Task prompt: Whenever a line below holds the word "Edition", copy that line.

Recorded data:

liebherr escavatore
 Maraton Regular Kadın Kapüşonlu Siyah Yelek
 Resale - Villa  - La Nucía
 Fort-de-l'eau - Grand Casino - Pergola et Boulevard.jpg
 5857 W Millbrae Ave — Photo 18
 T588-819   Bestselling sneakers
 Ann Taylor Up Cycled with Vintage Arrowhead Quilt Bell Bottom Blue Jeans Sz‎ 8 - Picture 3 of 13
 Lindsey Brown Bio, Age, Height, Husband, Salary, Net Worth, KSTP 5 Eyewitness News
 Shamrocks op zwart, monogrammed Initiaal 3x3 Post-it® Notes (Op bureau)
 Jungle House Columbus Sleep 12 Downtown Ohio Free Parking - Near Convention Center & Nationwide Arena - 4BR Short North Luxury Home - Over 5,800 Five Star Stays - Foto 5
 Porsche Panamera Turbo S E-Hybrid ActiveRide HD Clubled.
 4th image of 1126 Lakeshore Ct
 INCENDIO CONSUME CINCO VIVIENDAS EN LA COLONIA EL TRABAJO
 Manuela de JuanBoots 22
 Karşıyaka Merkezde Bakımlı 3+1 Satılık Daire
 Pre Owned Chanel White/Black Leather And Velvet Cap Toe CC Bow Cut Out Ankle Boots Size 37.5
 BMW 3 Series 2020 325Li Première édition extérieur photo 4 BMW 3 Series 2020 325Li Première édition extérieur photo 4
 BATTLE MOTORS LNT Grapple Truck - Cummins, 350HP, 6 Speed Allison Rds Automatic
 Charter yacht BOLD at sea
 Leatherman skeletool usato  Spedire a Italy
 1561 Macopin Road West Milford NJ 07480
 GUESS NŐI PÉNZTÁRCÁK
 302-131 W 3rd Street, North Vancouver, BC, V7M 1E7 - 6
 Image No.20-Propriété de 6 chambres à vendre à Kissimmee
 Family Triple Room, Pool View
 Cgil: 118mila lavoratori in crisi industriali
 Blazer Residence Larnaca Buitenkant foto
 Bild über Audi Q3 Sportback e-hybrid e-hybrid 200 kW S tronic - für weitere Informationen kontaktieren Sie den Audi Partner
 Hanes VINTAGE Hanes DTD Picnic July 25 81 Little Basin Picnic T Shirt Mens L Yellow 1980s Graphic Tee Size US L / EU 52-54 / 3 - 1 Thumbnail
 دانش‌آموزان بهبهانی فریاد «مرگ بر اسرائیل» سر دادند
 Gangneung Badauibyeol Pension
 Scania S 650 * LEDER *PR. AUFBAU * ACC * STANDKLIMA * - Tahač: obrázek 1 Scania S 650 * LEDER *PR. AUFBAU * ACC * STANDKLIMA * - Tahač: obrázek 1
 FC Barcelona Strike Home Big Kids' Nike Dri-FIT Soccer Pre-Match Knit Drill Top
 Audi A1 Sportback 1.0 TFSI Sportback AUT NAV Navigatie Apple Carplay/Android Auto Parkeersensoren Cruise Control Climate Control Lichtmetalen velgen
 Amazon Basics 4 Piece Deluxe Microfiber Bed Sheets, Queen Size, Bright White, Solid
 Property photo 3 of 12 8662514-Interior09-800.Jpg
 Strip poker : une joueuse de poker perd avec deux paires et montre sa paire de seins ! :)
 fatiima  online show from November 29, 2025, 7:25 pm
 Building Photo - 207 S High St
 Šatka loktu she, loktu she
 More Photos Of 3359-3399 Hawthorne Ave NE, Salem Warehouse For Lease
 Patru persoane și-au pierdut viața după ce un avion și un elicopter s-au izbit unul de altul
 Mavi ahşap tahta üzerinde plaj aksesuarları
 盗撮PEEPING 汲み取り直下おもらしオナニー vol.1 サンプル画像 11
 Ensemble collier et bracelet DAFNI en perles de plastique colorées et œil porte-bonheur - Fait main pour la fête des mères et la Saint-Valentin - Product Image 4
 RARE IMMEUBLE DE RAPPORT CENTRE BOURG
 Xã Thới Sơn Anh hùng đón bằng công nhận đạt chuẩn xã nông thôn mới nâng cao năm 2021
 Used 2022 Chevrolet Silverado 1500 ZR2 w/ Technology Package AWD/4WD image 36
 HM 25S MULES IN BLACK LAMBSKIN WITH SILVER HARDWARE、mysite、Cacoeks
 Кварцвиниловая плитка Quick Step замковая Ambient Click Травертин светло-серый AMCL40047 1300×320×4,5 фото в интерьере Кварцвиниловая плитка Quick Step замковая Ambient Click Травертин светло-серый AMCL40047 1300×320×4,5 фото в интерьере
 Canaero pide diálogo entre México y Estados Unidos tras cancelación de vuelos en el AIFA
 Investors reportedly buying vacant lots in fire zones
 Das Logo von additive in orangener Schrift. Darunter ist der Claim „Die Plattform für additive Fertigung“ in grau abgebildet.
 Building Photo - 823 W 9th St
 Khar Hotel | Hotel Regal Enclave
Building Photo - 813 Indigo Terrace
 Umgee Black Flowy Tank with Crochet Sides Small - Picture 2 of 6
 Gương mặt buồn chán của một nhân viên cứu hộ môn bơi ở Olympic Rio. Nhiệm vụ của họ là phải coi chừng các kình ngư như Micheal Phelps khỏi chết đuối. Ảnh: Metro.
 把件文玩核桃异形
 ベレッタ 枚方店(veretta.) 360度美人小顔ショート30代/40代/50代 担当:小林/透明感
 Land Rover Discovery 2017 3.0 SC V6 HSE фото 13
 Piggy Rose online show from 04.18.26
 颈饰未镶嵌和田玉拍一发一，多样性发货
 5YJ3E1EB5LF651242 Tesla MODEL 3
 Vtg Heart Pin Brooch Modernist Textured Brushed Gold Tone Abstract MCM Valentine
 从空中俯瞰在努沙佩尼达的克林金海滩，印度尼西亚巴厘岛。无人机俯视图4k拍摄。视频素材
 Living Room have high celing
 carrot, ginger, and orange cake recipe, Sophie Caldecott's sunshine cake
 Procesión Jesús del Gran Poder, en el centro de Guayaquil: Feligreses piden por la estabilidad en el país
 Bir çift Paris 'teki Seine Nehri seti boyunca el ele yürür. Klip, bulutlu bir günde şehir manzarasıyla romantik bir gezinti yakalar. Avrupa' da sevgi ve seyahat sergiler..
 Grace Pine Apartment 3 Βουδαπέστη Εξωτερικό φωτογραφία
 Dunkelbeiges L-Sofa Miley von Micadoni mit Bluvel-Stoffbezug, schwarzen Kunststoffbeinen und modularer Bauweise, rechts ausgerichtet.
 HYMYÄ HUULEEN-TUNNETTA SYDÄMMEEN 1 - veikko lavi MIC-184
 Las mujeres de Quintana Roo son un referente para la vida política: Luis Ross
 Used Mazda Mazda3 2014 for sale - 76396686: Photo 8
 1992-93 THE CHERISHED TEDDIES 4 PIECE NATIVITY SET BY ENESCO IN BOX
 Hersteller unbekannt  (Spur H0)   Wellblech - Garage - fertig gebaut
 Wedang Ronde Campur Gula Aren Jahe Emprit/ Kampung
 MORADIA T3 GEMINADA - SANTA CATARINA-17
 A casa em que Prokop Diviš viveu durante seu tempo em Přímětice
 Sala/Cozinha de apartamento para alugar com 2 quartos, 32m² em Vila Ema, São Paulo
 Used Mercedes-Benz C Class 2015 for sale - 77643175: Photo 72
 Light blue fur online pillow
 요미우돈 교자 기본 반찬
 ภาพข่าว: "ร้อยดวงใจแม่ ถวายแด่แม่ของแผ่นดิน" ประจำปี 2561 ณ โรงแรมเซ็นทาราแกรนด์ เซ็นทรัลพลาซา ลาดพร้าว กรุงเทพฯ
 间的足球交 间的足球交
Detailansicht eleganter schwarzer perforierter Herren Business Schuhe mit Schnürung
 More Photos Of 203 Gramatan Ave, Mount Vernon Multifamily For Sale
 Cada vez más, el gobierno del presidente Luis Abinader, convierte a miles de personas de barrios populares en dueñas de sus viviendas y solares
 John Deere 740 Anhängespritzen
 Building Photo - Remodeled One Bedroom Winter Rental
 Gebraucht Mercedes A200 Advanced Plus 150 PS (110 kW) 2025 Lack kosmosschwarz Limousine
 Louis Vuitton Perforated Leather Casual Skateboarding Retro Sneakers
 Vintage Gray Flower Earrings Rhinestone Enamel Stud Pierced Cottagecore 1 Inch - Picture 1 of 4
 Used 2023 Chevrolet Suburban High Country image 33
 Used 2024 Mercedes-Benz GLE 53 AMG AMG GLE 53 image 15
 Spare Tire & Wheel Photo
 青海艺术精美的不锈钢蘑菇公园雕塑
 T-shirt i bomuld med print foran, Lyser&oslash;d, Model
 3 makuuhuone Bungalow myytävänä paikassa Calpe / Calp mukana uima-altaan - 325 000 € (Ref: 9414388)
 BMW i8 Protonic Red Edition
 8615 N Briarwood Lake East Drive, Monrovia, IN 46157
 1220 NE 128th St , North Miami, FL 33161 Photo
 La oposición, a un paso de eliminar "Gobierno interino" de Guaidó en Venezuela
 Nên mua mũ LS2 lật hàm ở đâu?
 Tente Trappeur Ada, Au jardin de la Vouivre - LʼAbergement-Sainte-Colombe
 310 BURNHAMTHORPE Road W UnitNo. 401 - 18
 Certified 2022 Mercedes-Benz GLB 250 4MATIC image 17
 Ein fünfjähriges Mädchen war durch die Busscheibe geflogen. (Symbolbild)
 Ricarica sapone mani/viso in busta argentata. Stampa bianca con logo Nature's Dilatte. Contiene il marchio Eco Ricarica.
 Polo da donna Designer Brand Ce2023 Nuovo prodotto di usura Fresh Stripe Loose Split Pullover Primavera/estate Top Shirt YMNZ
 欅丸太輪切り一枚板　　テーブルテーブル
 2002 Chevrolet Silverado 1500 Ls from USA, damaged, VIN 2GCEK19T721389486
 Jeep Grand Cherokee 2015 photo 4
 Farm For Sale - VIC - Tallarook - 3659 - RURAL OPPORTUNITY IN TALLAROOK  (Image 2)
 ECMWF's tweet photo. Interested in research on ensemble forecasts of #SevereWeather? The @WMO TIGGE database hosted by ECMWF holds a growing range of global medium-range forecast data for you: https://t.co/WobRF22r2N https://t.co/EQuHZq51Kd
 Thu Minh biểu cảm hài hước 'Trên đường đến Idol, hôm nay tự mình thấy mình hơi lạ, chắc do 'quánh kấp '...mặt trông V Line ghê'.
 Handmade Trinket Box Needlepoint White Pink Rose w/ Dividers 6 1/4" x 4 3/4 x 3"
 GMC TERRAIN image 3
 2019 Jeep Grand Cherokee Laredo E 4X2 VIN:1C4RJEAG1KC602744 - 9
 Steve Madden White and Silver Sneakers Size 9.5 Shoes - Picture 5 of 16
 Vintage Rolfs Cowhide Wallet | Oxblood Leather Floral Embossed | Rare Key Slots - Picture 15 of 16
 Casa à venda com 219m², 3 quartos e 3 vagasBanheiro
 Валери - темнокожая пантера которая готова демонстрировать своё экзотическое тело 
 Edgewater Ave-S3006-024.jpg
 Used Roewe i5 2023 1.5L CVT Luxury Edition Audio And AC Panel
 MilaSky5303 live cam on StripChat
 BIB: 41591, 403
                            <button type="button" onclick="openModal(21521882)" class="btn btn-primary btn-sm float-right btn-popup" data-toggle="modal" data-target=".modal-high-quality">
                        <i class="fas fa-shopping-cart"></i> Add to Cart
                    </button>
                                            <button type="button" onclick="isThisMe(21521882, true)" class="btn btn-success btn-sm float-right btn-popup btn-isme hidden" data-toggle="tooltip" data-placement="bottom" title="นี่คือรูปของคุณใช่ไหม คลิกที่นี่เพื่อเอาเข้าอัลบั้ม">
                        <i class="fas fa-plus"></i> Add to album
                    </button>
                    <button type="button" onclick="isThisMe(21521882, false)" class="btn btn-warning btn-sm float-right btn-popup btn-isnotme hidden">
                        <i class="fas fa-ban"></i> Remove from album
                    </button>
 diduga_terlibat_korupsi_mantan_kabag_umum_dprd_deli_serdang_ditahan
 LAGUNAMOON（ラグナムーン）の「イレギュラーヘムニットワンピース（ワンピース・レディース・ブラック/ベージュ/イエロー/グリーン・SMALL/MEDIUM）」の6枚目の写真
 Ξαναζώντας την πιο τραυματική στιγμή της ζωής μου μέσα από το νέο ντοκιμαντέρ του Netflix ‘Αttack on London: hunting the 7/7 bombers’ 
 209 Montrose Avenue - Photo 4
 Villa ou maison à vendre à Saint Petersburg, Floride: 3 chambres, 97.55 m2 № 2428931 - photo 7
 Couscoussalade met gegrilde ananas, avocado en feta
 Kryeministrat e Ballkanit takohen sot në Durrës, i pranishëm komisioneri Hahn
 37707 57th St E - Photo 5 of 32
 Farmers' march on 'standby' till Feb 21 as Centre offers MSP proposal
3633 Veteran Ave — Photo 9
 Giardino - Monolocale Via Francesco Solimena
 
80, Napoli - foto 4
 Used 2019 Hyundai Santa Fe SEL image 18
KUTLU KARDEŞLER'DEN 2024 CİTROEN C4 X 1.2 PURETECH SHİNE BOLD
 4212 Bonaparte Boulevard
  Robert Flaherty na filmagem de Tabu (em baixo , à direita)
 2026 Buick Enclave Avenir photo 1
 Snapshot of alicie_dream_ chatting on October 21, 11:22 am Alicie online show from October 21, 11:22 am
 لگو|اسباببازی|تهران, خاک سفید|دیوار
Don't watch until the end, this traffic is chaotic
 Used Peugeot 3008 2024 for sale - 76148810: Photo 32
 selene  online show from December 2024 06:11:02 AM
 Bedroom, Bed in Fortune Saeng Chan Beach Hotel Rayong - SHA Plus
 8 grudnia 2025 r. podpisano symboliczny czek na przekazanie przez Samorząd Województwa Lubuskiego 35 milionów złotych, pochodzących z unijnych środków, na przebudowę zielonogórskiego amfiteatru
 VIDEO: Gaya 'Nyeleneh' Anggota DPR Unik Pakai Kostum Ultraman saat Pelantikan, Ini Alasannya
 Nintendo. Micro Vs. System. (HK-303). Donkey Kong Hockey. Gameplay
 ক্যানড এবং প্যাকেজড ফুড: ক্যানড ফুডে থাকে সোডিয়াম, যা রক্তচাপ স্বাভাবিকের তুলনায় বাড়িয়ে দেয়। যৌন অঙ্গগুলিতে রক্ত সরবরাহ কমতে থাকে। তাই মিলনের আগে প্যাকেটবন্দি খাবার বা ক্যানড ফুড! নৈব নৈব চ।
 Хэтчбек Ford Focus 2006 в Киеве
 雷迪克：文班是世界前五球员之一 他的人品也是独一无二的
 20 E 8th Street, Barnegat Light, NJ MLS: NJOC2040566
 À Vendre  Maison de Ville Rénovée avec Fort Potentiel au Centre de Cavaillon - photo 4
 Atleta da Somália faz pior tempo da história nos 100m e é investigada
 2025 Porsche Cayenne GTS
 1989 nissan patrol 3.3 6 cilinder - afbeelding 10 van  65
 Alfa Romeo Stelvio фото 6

Written solution:
 BMW i8 Protonic Red Edition
 Used Roewe i5 2023 1.5L CVT Luxury Edition Audio And AC Panel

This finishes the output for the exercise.